Et cependant, malgré cet ennui inconnu en Allemagne, mais partout ailleurs insupportable, d'une logique qui déchiquette l'abstraction plus que toutes les autres logiques qui aient jamais été publiées par les anatomistes du raisonnement, malgré l'effrayante spécialité de son langage et tout ce qui nous empêche de peser sur le texte même de Hegel, nous ne pourrons pas ne point l'atteindre puisque nous voulons vous parler des travaux d'un écrivain qui en a fait le fond et le but de ses œuvres. Vera est né de Hegel ou pour Hegel. Il respire et pense par Hegel. Il a mal à sa poitrine, c'est-à-dire... à son cerveau. Je crains bien, pour ma part, qu'il ne lui ait donné sa pensée—comme on donne quelquefois sa vie!—de manière à ne pouvoir plus la reprendre, et, franchement, je le regretterais. C'est une intelligence très noble et très savante que celle de Vera, amoureuse de la clarté jusque dans les ténèbres de son maître, et la produisant—ce qui n'est pas facile dans un pareil milieu—à force de l'aimer. Universitaire français sous un nom espagnol (descend-il de l'historien Vera?), docteur et professeur de philosophie, Vera est tellement hegelien qu'il pourrait bien rester tel, par une de ces destinées qui tiennent à l'ordre hiérarchique des esprits, dont les plus forts, dans un ordre d'idées, sont les plus fidèles; mais, s'il reste hegelien, nous lui devrons toujours Hegel,—ce Hegel auquel il devra, lui, sa philosophie. Non seulement il nous l'aura traduit, mais il nous l'aura interprété. Cet homme fameux, mais mal expliqué dans l'arcane de son texte, dont jusqu'ici on ne nous a donné que des déchirures, ce Vieux de la Montagne philosophique, compromis par les Cousins et les Proudhons et toute la bande d'assassins littéraires ou politiques, Vera nous l'aura dévoilé. Il l'aura vulgarisé, sans jamais le compromettre, et il aura pu quelquefois le suppléer. Ce n'est pas là un mince service. Par lui, le dieu pour les uns, le monstre pour les autres, sera mis debout, les pieds sur la terre, à portée de main. Nous pourrons en juger l'organisation, la musculature, l'intégralité. Nous saurons enfin ce que c'est que le hegelianisme et ce qu'il doit tenir de place dans l'histoire de l'esprit humain. L'erreur au moins sera mesurée, et, fût-elle colossale, toute erreur mesurée diminue toujours.
II
Malheureusement, cette mesure, dont nous sommes impatients, ne peut être prise immédiatement. Nous ne pouvons que l'annoncer. Vera, qui nous donnera un jour le Hegel complet, ne nous donne encore qu'une partie des œuvres, et la partie la plus difficile à comprendre, la plus aride, et, pour ainsi parler, la moins traduisible: cette affreuse Logique[16] dont Hegel tire tout, en forçant tout. C'est parce que Vera est un philosophe qu'il a commencé sa publication par cette traduction de la Logique. Mais, s'il avait plus songé à l'éducation à faire de l'intelligence du public, qu'il doit, avec ses convictions, vouloir rendre hegelien, qu'à l'éducation toute faite des philosophes comme lui, il eût commencé par les autres œuvres de Hegel, moins cruellement abstraites (par exemple, les idées sur la religion, sur l'état, sur l'art, etc.), et il serait remonté de là vers les principes philosophiques d'où dépend toute la philosophie de son maître, et il eût placé ainsi le lecteur, familiarisé avec les idées et le langage hegelien, à la source même du système.

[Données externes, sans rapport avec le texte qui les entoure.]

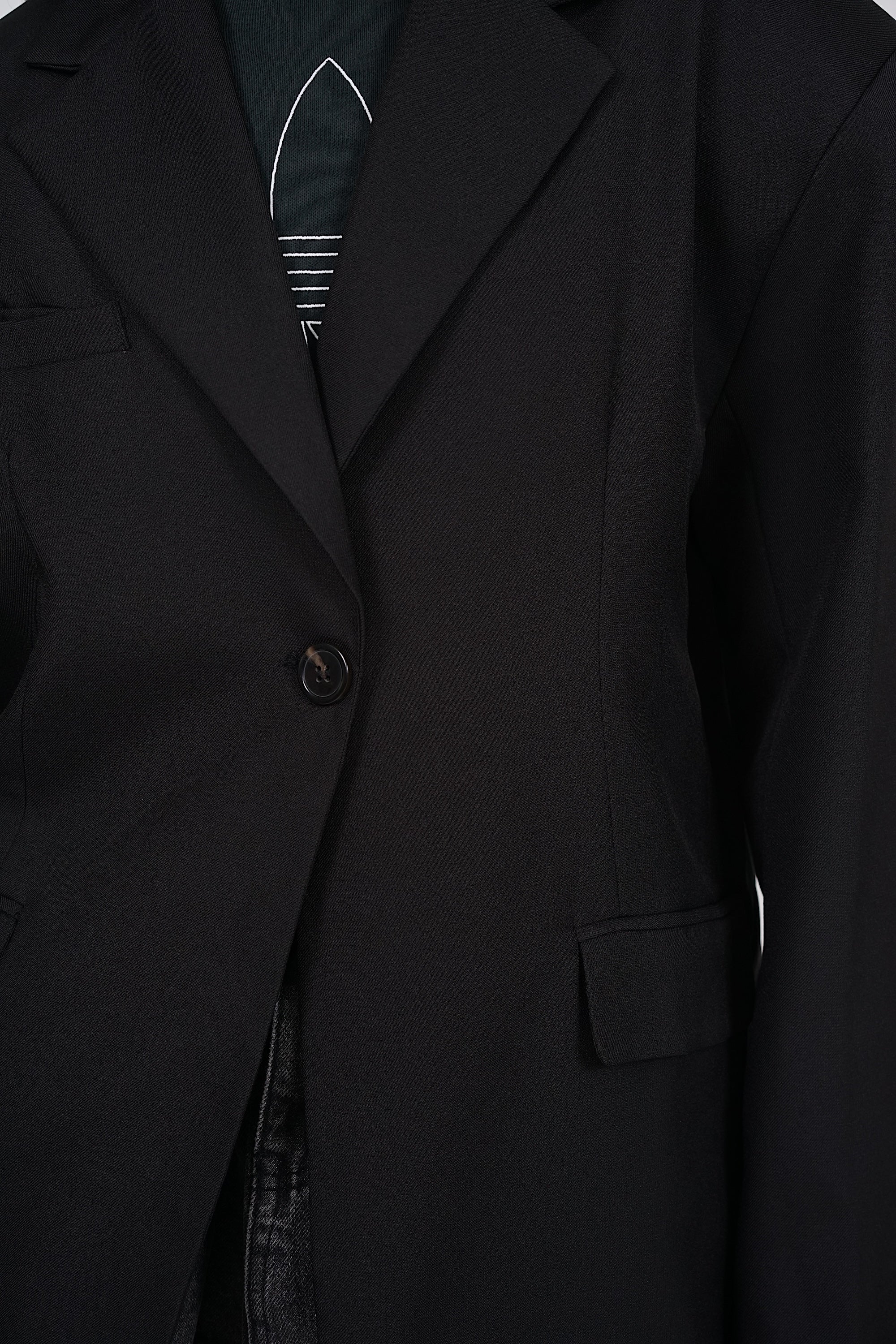 Relaxed Oversized Blazer in Black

Il est vrai que, dans l'ordre de ses travaux, Vera a débuté par une Introduction générale à la philosophie de Hegel[17], cette philosophie composée de trois parties: la logique, la nature et l'esprit, «termes différents—comme il dit—du syllogisme absolu de la connaissance des êtres», et que cette Introduction, dans laquelle Vera a fait filtrer autant de clarté qu'il en peut passer à travers cette forêt germanique d'abstractions, de généralités et de formules, est beaucoup plus intelligible que ces deux volumes de Logique écrits par Hegel lui-même. Mais c'est aussi la partie de cette introduction qu'on voudrait la plus longue qui est justement la plus courte, c'est-à-dire la partie de la nature et de l'esprit. Faute énorme, mortelle à la propagation des idées qu'un critique plus hegelien que je ne le suis ne pardonnerait point à Vera, moins habile qu'il n'est philosophe, et qui, en l'ennuyant par trop, doit rater son public.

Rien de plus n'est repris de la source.